O que acontece a montante tem um impacto a jusante, mas não só. É evidente que os poluentes lançados a montante serão transportados para jusante, mas os navios que viajam para montante podem facilitar a propagação de espécies exóticas, como a amêijoa asiática, que se movimenta no Danúbio na direção oeste, e que pode colonizar grandes áreas, frequentemente em detrimento das espécies nativas. Quando os poluentes ou as espécies exóticas entram numa massa de água, tornam-se imediatamente um problema comum.
As atuais estruturas de governação baseiam-se quase exclusivamente numa atribuição comum da massa terrestre aos territórios. Podemos chegar a acordo sobre regras comuns aplicáveis numa determinada área e criar organismos para fazer cumprir estas regras comuns. Podemos até chegar a acordo sobre as zonas económicas no mar e fazer reivindicações sobre os recursos que essas zonas contêm. Certas embarcações podem ser autorizadas a pescar nessas zonas; podem ser concedidos direitos às empresas que lhes permitam explorar minerais no leito dos mares. Mas o que acontece quando os peixes migram para norte, ou quando ilhas flutuantes constituídas por plástico vão dar às nossas costas?
Ao contrário do que acontece com a massa terrestre, a água está em movimento constante, independentemente da sua forma, desde uma simples gota de água da chuva a uma forte corrente oceânica ou a uma tempestade. Os peixes e os poluentes, incluindo as substâncias químicas invisíveis, como os pesticidas, e os poluentes visíveis, como os plásticos, não respeitam as fronteiras geopolíticas nem as zonas económicas definidas pelos acordos internacionais entre Estados. Tal como o ar que respiramos, rios, lagos e oceanos mais limpos e mais saudáveis exigem uma abordagem mais ampla da governação baseada na cooperação regional e internacional.
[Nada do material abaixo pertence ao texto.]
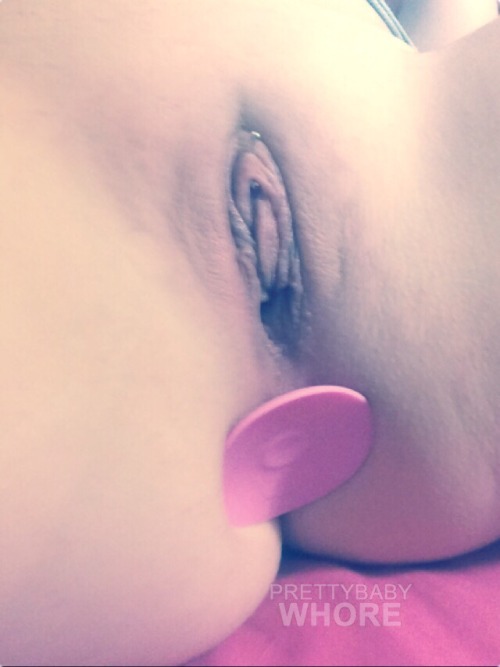 prettybabywhore:  My first ever time using my buttplug.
A abordagem para uma cooperação mais ampla é um dos princípios fundamentais subjacentes às políticas da UE no domínio da água. A Diretiva-Quadro «Água» da UE — uma das pedras angulares da legislação da UE no domínio da água — considera que um sistema fluvial é uma unidade geográfica e hidrológica única, independentemente das fronteiras administrativas e políticas. A diretiva exige que os Estados-Membros elaborem planos de gestão por região hidrográfica. Dado que muitos dos rios europeus atravessam as fronteiras nacionais, estes planos de gestão são elaborados e executados em cooperação com outros países, incluindo países europeus que não são membros da UE.
A cooperação em torno do Danúbio é uma das mais antigas iniciativas de gestão transfronteiriça dos recursos hídricos, remontando ao final do século XIX. Ao longo do tempo, a tónica passou da navegação para questões ambientais, como a poluição e a qualidade da água. Hoje, as iniciativas destinadas a garantir a utilização e a gestão sustentáveis do Danúbio são coordenadas em torno da Comissão Internacional para a proteção do rio Danúbio (ICPDR), que reúne 14 Estados colaborantes (tanto Estados da UE como países terceiros) e a própria UE, com um mandato sobre toda a bacia do rio Danúbio, que inclui os seus afluentes, bem como os recursos hídricos subterrâneos. A ICPDR é reconhecida como o organismo responsável pelo desenvolvimento e pela execução do plano de gestão das regiões hidrográficas do Danúbio. Existem organismos de governação semelhantes para outras bacias hidrográficas internacionais na UE, incluindo o Reno e o Meuse.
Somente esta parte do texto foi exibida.